À sa manière de le dévisager, Krimson sut qu'elle ne dirait rien, mais elle savait qu'il avait menti.

— C'est exactement ce que je me disais ! s'exclama Mikreko, surtout quand on connaît ta famille Krim, je veux dire, c'est étonnant qu'il n'ait pas reçu de rappel à l'ordre.

Malgré le mouvement de tête de Krimson, l'higierv termina sa phrase sans comprendre.

— De rappel à l'ordre ? De quelle meute tu viens ?

L'higwolg sentit son poil se hérisser, il avait trop honte pour parler de sa meute. Pas alors qu'il était au Garhul, entouré par des higwrens civilisés. Pas quand il était le seul représentant de sa meute à y avoir mis les pattes. Son expression se referma quand il répliqua :

— Tu m'excuseras mais je n'ai pas l'habitude de parler de mes histoires de famille à quelqu'un dont je ne connais pas le nom.

Mikreko écarquilla les yeux devant le ton de son ami. Ce n'était pas dans son caractère de repousser les autres. Krimson espéra qu'il n'allait pas lui poser plus de questions.

— Oh pardon, mon instinct a dû prendre le dessus, persifla-t-elle en jetant un regard mauvais à Tamak, de toute évidence, elle non plus n'avait pas apprécié la remarque. Je m'appelle Preska, je fais partie d'une des meutes autour du Garhul.

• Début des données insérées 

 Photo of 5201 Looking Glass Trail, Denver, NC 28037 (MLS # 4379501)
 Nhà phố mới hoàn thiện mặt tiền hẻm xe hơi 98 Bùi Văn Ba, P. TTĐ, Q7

Krimson se crispa, c'était encore pire, toute sa famille avait dû suivre un enseignement. Pour quel prédateur il allait passer s'il racontait de quel genre de meute il venait ? Il vit que Mikreko s'apprêtait à les présenter mais il préféra le couper :

— Je m'appelle Krimson, et mon ami Mikreko, tu sais déjà ce que tu feras plus tard ?

Preska haussa un sourcil, il se doutait qu'elle se rendrait compte de la supercherie. Son regard noisette passa d'un ami à l'autre. Ça devait la titiller de l'interroger plus avant. Mais après un dernier éclat de croc, peut-être une mise en garde, elle révéla :

— Ma famille est soit engagée pour la protection du Garhill soit enquête sur des vols... ou bien des agressions. Et toi Krimson, quel rôle prendras-tu dans notre forêt ?

Une lueur de compréhension sembla fuser dans les yeux de Mikreko qui reprit le rangement de ses affaires. Son ami l'imita en grommelant d'un air occupé :

— Mon père songe à me donner le rôle d'alpha.

Lui-même n'y croyait pas, il s'agissait plus d'une blague personnelle. Mais, d'après les expressions des deux autres higwrens, ils n'avaient pas saisi le ton.

Preska ouvrait déjà la bouche pour continuer son interrogatoire et Krimson sut ce qu'il devait faire. Il n'en avait aucune envie mais il ne voulait pas l'affronter pour le moment. Il retira alors sa tunique en olpokir qu'il remit avec ses affaires à Mikreko. Celui-ci les prit par habitude et Krimson ajouta :

— Je dois filer, c'est presque l'heure de la chasse, encore merci à tes parents pour la tunique.

Il dut faire face aux observations embarrassées de ses camarades quand il quitta la classe. Autour du Garhul il était peu fréquent de se promener sans habits. Seuls les plus bestiaux d'entre eux le faisaient. Et c'était encore plus mal vu de girmalk, songea Krimson en prenant sa forme d'armak entre deux arbres. Il crut entendre des exclamations outragées mais il courait aussi vite que ses pattes le permettaient. Il voulait fuir cette matinée.

Il n'avait jamais eu aussi honte de faire partie de sa meute qu'en cet instant.